I suspect these attitudes are not too different from our own. Perhaps the “backward countries” and “emotional Italian peasants” do not loom in our imaginations as something to be overcome and put aside, but the toning down or glossing over some of the more maudlin displays of devotion and piety so as not to appear excessively strange or superstitious persists.
Faber’s ideas of piety were, as it happens, influenced by a tour of Italy he made some time before his conversion to Catholicism in 1845, and his spiritual writings and hymns do betray a streak of sentimentality. His writing often lapses into a flowery and purple style, and that style and the emotion that it is intended to produce can overshadow the content. About some of his hymns, the less said the better. “O happy pyx! O happy pyx! / Where Jesus doth his dwelling fix.” is about as bad as English verse can get.
I do not mean to suggest that all of Faber’s output is not worth reading – some of it is in fact very good – but it shows that he might have overreacted a bit to the sterile piety of England.
That said, I find it hard to blame him for finding the sentimentality and the tenderness that characterises the Italian style of devotion attractive. He was, after all, formed by a place where something like lighting a lamp before a statue of the Virgin was never done. He also greatly admired the miraculous and heroic elements of hagiography, unlike many of his Catholic countrymen: his attempt at having the continental lives of Counter-Reformation saints translated into English met some opposition because it focused on those aspects of the saints’ lives.
Even if some of Faber’s ideas and devotions, such as having a chapel open all day so that people could visit the Blessed Sacrament, or lighting a candle before a picture of the Virgin, seem rather unremarkable to us now, some of them do not. Perhaps the starkest contrast to the rather impersonal style of devotion of his England was his practice of referring to the Virgin as “Mama”. He was once so overcome with joy at a Marian procession that he exclaimed: “Won’t Mama be pleased!” I am acquainted with some young Catholics who, familiar with this story, have adopted Faber’s practice. I have seen their adoption of that practice called “affected and weird”. Maybe it is, and maybe Faber was also affected and weird.
But if there were ever a religion that had no business condemning things that were affected and weird, it would be Catholicism. I would hate to have to throw out the paintings of El Greco or the veneration of saints with stigmata or the revival of chant in the Mass on the grounds that such things are weird.
But Faber’s piety and devotion has more to it than that. Calling Mary “Mama”, to take the most extreme example, is not affect for its own sake but is an attempt to create an intimate and personal relationship with the Virgin. It is of course possible to develop such a bond without calling Mary “Mama”, but after practising an affect for long enough it eventually becomes natural. And at a time when such a devotion is not the easiest or most natural thing to cultivate, it makes sense to rely on artifice to help create it.
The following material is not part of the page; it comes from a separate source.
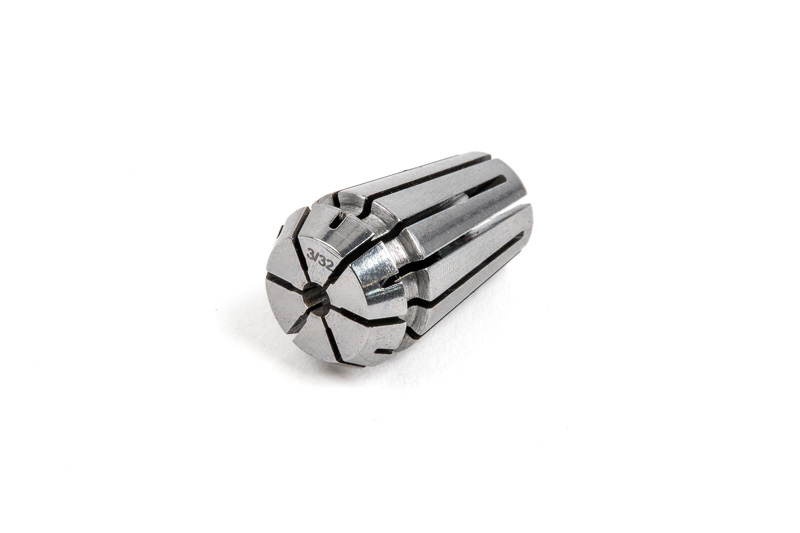 ER11 3/32" Straight-Bore Collet, 0.093 - 0.074" Clamping Range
But the greatest benefit is that, after enough time, calling the Virgin by such a tender name, one that shows our emotional attachment to her as our mother, will seem completely natural. The sort of piety often looked down on as excessively sentimental or maudlin has that benefit: it works. I think the time has come to rediscover it. Catholicism is not a silly religion, but it is just as much the religion of the emotional Italian nonnas as of the theologians.
We need not imitate Faber in every aspect, but I would suggest that imitating his simple and warm devotions – even if they seem odd at first – might help us recover some of the emotion of Catholicism that we have lost.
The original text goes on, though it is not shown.